Area 2: Education at the Crossroads: Pagan, Jewish, and Christian Discourses in Late Antiquity

  • 2.1. Meta-religious andragogics??
  • Paideia forms a meeting ground for late antique intellectuals regardless of their religious affiliation. On both the Christian and the pagan side, there are attempts at overcoming resp. ignoring the borders between religious groups and at proposing a common denominator of ethical and religious principles. I analyse these attempts and their impact on the formation of late antique intellectual identites. The point of departure is the still understudied figure of Themistios, to be followed by other authors such as Libanios, Synesios or Ammianus Marcellinus.

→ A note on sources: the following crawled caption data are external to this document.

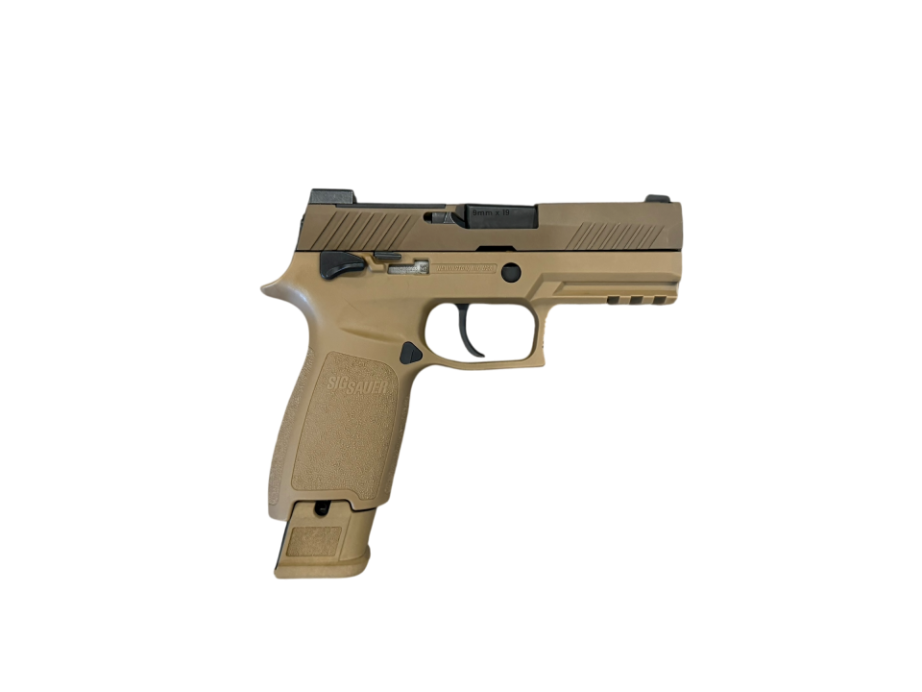 *USED* SIG P320 M18 3.9&quot; 9MM PISTOL, FDE, W/ 3 MAGS, ORIGINAL CASE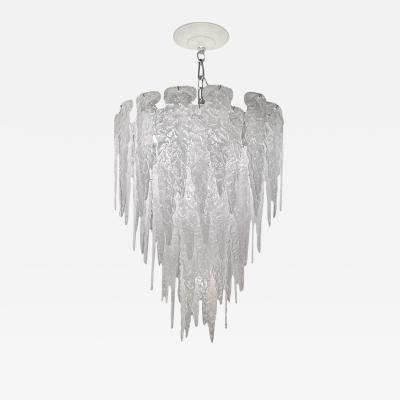  A V Mazzega Mazzega Murano Pulegoso Glass Stalactite Chandelier 1970s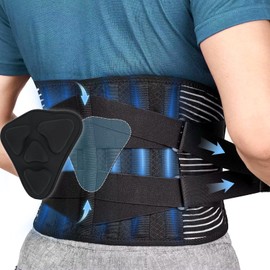 Soporte Lumbar para Hombres y Mujeres, Faja para Gym Ajustable con 4 Placas Metálicas y 1 Almohadilla lumbar para Aliviar el Dolor de Espalda y...    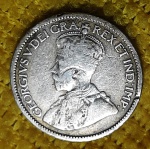 CANADÁ - 1936 - PRATA - 10 CENTS - REI GEORGE V -  2.33 gr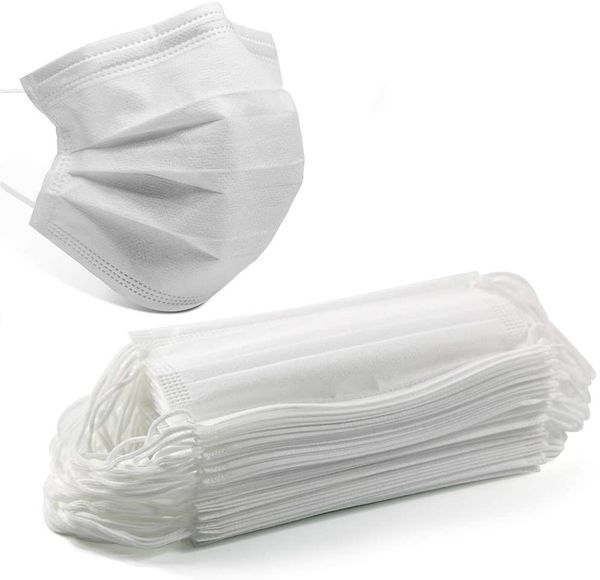 

white disposable mask non woven face masks 3 layer anti-dust waterproof mask ply respirator soft breathable mouth safety masks gga3217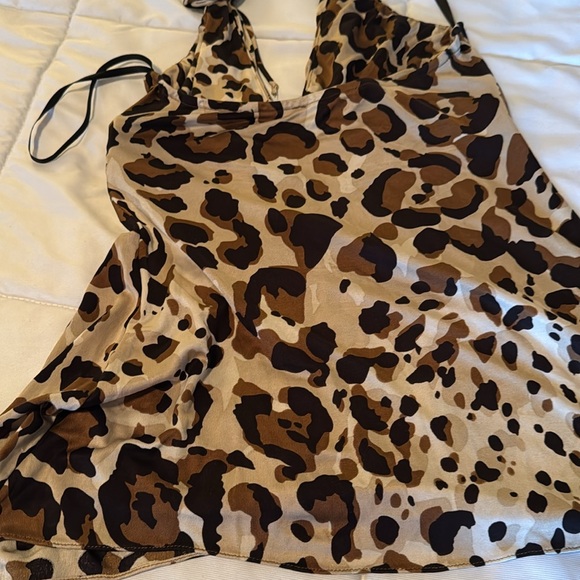 Sky Brown and Black Ruched Halter Too with leather braided detail, SzMed - Picture 7 of 7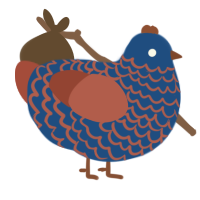 Fireblu Doom Texture, a ultramarine and red chicken with a lace pattern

  • 2.2. Religious education
  • A further focus of my research are the various forms of religious education in late antiquity. How are religions transmitted and taught? Is there an interest in developing systematic and fixed structures of religious education? Under what circumstances does knowledge about religion become an issue? I study modes of religious education in philosophical circles, or discuss the existence and relevance of religious role models for pagan ‘holy’ or ‘divine’ women, a field where significant differences can be traced between Christian and pagan discourses. The philosophical biography as a medium of religious and philosophical education is another focus of my research. Another crucial question is the relationship between teaching and ritual in the phase of incorporation of new members into Christian communities.



  • 2.3. Ethics

  • Educational ideals do not emphasise only texts and doctrines but also modes of behaviour and guidelines how to live a good life and reach perfection. Together with the Jewish studies scholars R. Naiweld and E. Abate I attempt to look into this aspect of late antique education and analyse methods, ideals and theories of late antique ethical education and formation in Christian and pagan texts, comparing them with Jewish discourses. First workshops have served to develop working categories for this comparative enterprise and to discuss the role of ‘thoughts’ in Jewish and Christian ascetic texts.